When you reach the line containing "MODEL CALL | Love Month" in the entries below, please begin setting down lines exactly, stop only after the last one, and add nothing else.
-- Opening Marker --
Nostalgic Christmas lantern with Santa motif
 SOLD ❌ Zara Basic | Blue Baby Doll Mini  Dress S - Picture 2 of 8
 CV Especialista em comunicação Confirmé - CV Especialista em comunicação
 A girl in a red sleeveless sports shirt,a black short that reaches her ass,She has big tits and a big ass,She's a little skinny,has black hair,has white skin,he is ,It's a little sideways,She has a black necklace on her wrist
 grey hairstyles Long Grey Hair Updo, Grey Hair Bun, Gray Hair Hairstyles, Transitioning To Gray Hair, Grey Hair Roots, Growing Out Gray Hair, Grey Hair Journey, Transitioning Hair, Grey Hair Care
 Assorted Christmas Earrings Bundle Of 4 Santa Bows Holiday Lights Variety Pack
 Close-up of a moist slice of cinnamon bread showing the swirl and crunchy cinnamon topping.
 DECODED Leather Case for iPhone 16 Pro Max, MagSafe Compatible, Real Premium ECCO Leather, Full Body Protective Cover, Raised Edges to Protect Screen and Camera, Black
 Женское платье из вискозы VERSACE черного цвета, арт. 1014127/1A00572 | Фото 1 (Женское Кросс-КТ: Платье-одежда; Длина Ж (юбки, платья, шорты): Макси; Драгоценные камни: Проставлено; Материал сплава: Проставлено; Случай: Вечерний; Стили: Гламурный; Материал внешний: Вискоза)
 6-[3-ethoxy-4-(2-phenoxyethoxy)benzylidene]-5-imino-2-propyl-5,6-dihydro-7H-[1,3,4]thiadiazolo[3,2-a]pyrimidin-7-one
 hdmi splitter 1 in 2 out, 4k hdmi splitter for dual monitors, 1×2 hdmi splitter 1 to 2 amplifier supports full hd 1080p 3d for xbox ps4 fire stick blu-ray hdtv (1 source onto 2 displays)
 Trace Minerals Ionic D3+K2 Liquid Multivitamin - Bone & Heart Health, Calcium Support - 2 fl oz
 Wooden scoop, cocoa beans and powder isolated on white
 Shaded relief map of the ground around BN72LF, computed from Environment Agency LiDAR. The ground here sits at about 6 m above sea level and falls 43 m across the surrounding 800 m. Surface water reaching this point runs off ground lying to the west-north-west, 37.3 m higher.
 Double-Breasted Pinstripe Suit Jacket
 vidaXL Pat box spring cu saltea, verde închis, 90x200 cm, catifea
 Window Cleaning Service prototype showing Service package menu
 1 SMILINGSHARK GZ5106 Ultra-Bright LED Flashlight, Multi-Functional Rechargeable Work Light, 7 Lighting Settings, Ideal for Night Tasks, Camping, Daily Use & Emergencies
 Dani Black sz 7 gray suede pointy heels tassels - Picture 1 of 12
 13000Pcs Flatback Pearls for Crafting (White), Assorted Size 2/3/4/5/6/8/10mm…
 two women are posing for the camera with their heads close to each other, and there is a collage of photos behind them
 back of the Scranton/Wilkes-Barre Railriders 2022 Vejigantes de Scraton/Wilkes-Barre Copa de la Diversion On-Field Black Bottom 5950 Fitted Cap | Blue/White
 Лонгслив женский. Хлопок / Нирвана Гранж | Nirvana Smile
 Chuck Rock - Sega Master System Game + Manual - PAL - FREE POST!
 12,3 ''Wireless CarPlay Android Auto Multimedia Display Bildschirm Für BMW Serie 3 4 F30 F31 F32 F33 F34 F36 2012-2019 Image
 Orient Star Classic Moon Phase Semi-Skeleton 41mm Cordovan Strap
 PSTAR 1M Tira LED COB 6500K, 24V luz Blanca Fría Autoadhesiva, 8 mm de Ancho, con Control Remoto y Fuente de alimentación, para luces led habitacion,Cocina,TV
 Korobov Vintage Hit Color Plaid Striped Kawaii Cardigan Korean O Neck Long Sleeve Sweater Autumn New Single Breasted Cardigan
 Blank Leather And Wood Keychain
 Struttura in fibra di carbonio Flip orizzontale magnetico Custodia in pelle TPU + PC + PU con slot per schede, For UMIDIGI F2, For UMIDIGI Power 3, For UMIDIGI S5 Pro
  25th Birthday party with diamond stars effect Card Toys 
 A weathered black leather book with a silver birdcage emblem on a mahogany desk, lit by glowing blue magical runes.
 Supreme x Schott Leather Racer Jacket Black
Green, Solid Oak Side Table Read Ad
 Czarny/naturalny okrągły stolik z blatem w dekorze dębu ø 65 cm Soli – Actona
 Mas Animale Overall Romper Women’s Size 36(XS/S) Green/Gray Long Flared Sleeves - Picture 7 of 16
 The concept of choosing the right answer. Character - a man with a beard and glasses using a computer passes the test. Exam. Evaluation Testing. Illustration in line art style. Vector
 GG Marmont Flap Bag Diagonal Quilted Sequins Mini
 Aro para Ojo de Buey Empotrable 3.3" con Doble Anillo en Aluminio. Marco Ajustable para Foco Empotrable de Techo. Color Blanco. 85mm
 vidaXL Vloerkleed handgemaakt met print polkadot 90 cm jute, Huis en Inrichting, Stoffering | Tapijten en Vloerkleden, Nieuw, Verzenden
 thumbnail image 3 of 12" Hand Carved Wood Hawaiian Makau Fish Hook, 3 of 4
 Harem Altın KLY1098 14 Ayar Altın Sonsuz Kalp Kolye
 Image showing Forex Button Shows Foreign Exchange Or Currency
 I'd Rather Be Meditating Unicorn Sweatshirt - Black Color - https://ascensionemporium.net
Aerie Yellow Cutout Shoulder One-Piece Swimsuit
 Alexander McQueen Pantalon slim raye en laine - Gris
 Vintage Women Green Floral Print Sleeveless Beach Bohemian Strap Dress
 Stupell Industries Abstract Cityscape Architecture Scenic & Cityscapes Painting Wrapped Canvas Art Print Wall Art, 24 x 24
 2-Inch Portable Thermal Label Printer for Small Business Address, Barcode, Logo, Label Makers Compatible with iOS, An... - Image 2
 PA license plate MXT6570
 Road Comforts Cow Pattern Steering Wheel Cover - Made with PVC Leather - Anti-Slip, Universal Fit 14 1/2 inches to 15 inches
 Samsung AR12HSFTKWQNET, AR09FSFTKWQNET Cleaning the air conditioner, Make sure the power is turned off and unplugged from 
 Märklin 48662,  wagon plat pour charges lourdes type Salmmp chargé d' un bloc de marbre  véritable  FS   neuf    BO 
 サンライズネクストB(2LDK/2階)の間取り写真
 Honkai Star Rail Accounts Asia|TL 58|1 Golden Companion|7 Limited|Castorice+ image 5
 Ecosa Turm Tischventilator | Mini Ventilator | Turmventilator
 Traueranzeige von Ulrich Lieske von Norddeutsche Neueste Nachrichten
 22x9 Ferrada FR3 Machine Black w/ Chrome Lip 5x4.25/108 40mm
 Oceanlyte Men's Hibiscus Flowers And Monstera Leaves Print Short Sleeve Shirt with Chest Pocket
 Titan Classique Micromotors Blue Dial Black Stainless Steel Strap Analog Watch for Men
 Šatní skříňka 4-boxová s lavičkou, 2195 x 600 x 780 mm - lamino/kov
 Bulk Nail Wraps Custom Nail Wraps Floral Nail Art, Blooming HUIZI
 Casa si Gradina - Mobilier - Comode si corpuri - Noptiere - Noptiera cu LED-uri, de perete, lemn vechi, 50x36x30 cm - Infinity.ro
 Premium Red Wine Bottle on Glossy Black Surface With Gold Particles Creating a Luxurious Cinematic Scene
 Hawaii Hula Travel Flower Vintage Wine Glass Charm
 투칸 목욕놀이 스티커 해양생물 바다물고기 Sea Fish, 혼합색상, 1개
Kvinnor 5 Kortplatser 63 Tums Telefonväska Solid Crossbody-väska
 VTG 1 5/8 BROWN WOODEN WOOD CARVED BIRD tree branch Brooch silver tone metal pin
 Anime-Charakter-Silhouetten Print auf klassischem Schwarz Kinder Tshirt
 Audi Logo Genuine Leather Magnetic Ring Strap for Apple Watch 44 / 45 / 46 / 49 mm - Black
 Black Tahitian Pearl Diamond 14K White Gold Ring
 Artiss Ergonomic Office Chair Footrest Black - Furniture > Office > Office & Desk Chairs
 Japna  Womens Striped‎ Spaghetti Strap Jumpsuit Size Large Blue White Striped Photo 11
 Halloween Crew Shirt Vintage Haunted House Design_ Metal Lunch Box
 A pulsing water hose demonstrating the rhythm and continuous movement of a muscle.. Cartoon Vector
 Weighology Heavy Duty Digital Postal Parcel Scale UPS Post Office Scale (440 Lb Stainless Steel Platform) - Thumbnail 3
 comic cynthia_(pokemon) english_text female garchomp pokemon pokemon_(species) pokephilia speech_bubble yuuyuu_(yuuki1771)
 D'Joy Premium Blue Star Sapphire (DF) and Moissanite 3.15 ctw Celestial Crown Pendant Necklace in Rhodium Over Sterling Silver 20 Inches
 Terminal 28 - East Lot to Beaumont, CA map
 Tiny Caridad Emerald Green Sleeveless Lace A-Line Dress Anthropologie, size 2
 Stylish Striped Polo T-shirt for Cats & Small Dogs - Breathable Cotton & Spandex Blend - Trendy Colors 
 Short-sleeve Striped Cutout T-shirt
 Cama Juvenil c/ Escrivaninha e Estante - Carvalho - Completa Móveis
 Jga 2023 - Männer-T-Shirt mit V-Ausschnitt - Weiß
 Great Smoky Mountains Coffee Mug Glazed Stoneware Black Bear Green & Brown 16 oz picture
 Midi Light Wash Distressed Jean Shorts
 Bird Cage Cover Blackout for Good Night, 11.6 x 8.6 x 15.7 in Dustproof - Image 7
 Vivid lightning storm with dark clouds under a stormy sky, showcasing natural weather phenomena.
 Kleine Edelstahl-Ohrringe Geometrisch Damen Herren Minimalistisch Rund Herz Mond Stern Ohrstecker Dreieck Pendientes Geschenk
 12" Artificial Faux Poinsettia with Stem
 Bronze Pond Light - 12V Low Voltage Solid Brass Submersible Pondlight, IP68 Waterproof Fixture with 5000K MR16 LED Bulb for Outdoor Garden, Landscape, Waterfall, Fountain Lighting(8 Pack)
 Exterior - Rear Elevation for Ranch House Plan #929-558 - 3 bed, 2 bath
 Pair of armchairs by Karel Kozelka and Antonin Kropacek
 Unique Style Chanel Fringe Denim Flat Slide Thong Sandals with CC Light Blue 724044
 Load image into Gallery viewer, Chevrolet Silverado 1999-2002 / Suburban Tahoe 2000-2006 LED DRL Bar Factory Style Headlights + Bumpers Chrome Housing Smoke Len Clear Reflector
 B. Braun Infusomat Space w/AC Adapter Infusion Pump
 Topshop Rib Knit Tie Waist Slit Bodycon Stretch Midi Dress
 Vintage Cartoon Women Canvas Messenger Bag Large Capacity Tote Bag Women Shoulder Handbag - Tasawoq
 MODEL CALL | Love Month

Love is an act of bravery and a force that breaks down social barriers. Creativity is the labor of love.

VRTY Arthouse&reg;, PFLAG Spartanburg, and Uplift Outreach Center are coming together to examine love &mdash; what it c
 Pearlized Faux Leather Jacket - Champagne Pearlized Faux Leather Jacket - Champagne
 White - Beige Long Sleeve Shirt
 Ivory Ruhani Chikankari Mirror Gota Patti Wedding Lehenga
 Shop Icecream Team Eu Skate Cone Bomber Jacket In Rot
-- Closing Marker --
OUTPUT OF THE EXERCISE:
 MODEL CALL | Love Month

Love is an act of bravery and a force that breaks down social barriers. Creativity is the labor of love.

VRTY Arthouse&reg;, PFLAG Spartanburg, and Uplift Outreach Center are coming together to examine love &mdash; what it c
 Pearlized Faux Leather Jacket - Champagne Pearlized Faux Leather Jacket - Champagne
 White - Beige Long Sleeve Shirt
 Ivory Ruhani Chikankari Mirror Gota Patti Wedding Lehenga
 Shop Icecream Team Eu Skate Cone Bomber Jacket In Rot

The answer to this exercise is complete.